> [What is needed]: Please return the lines below verbatim, beginning at the one that has "Thumbnail: 2019 Chevrolet Malibu - 1" and stopping after the one that has "801 S Miami Ave Unit: 610", and add no other lines.

> [Records for the task]:

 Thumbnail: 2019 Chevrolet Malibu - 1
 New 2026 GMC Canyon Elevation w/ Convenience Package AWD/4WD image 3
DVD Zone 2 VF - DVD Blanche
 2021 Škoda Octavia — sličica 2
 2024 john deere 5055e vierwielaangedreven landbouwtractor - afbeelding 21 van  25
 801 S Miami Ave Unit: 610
--
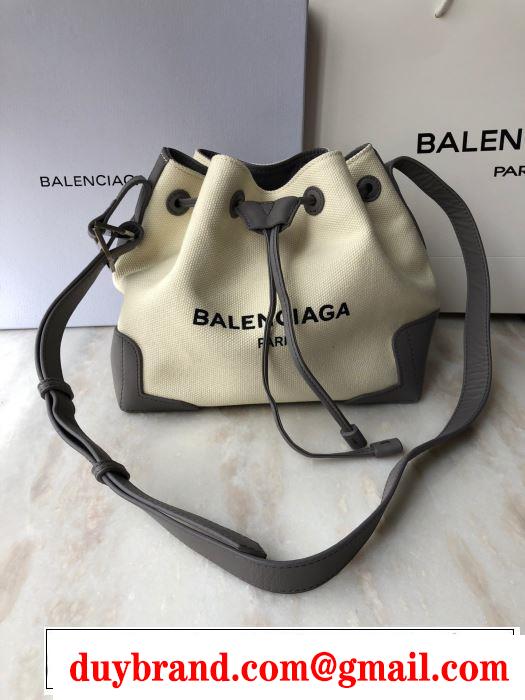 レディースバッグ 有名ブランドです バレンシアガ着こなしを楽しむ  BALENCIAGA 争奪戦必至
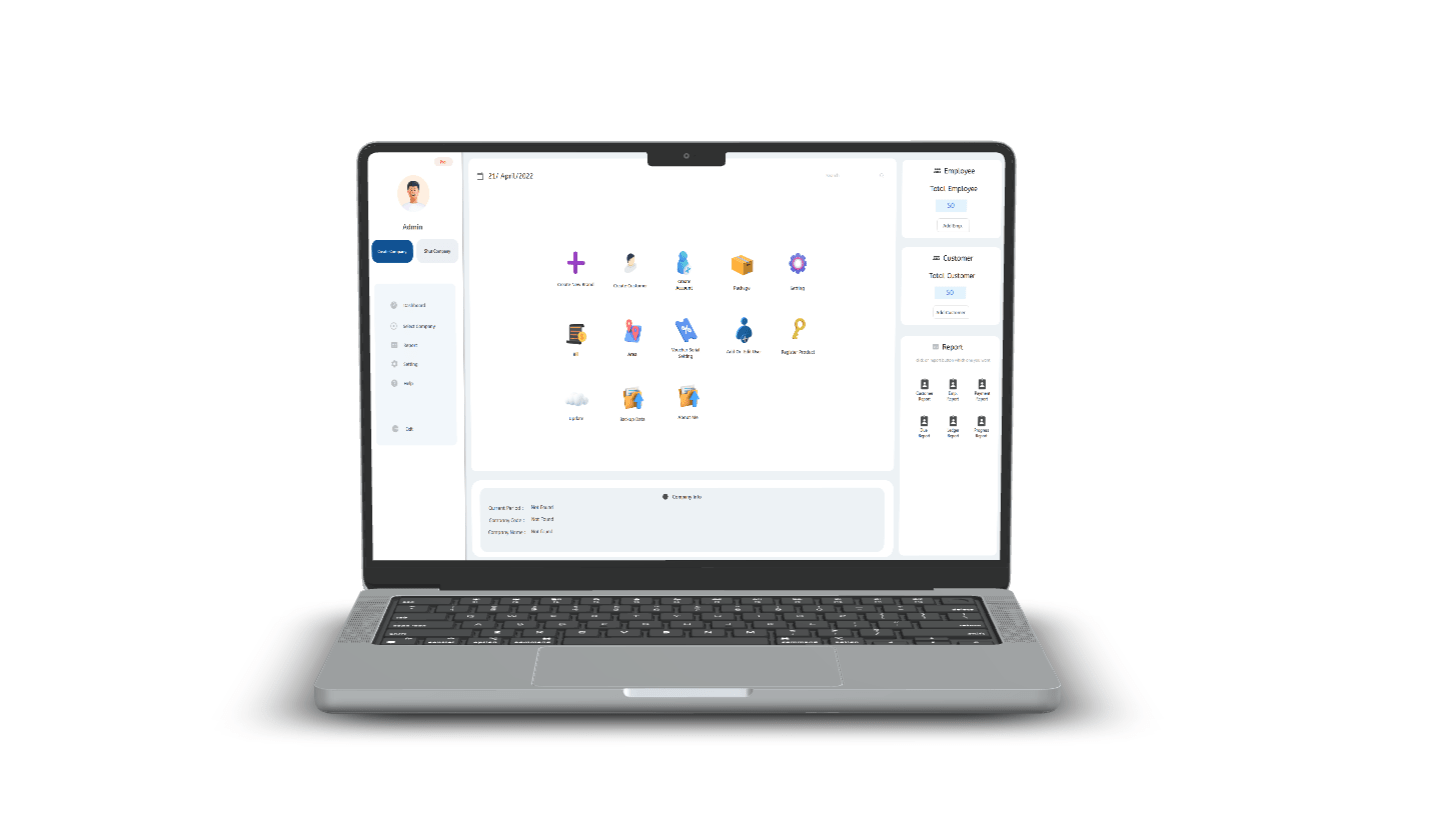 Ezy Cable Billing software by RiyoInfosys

> [Output for this exercise]:
 Thumbnail: 2019 Chevrolet Malibu - 1
 New 2026 GMC Canyon Elevation w/ Convenience Package AWD/4WD image 3
DVD Zone 2 VF - DVD Blanche
 2021 Škoda Octavia — sličica 2
 2024 john deere 5055e vierwielaangedreven landbouwtractor - afbeelding 21 van  25
 801 S Miami Ave Unit: 610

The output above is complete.